A moving average is a technical analysis term used to describe the average price for a stock over a trailing period, usually several days or months. They are used by technical analysts to discover trends in stock prices.
One of the simplest measures of market internals is the percentage of stocks above/below their moving averages. Any moving average can be used, although the most common are the 20, 50 and 200 day simple moving averages (SMA).
This is a useful metric because as stocks move above and below their moving averages, they get stretched away from the average basis that traders or investors entered at. Below is an example of the price and 50-day SMA spread.
Daily Chart of Eastman Kodak Co. (EK) between Jun 09 and Jan 10
Even though the spread between the price and SMA is a good indicator, our tests show that it is not enough to find the most oversold and overbought stocks. The simple reason behind this is the stocks volatility.

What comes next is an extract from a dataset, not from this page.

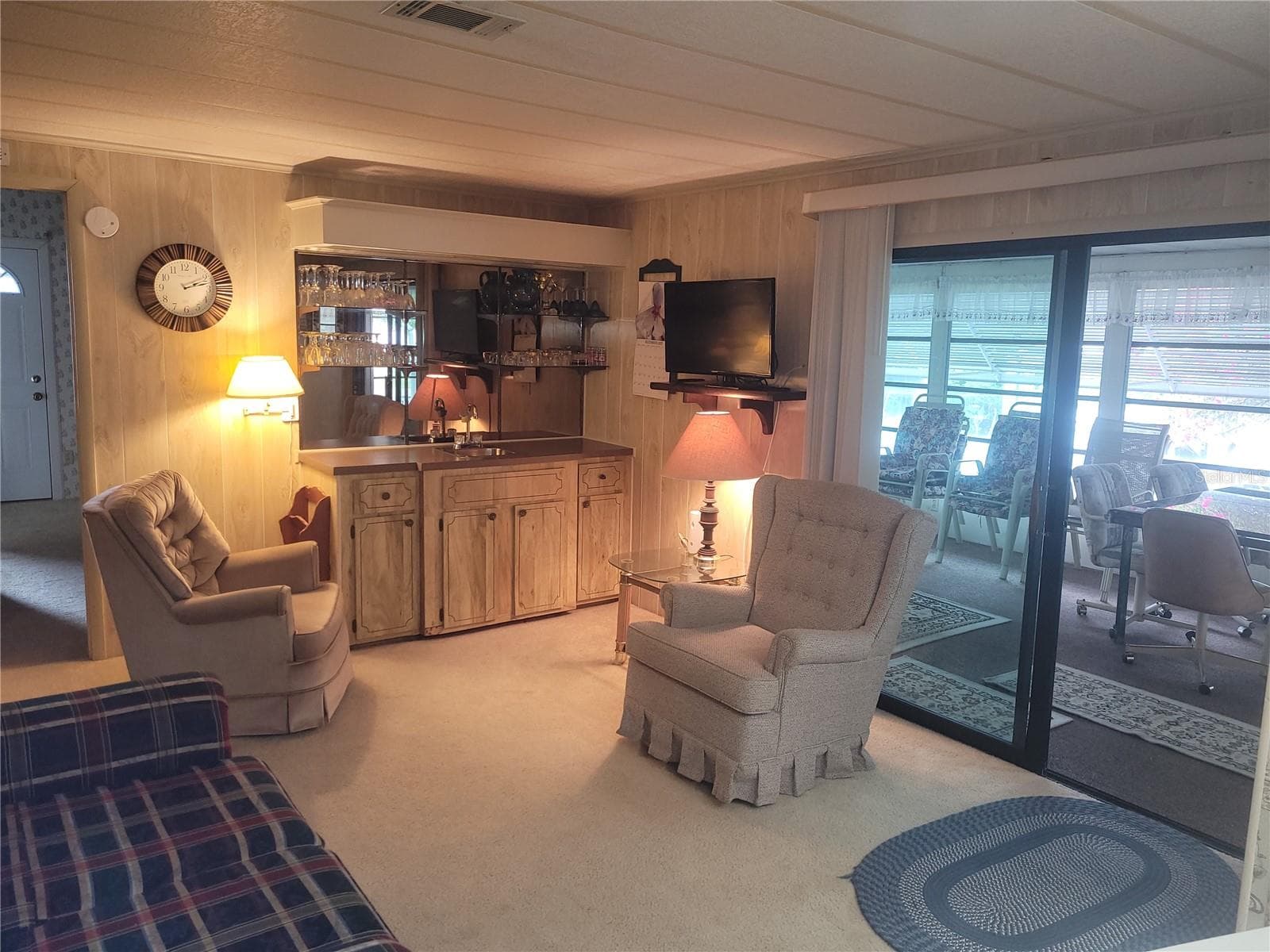 Family Room - 3027 GALAXY LN, LAKELAND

This concept is overlooked by most of the traders.
Here is what it looks like when we compare the 5-yr historical SMA spreads of two companies.
Red lines represent the standard deviation of the spread
Charts speak for themselves; over 5% spread puts ABT to an oversold/overbought territory, whereas that is over 10% for BBY. So basically comparing the SMA and price relationship of companies to find the most overextended stocks sometimes can be misleading.
So what does “Smart Trading” application offer?
Our financial model computes the oversold/overbought levels for each stock for the 9, 20, 50, 100 and 200-day SMAs by using 5-yr historical spreads and then ranks the most overbought/oversold stocks for each SMA category.
Please note that this application does not provide a forecast for these stocks, but it helps you narrow your research when looking for overextended stocks.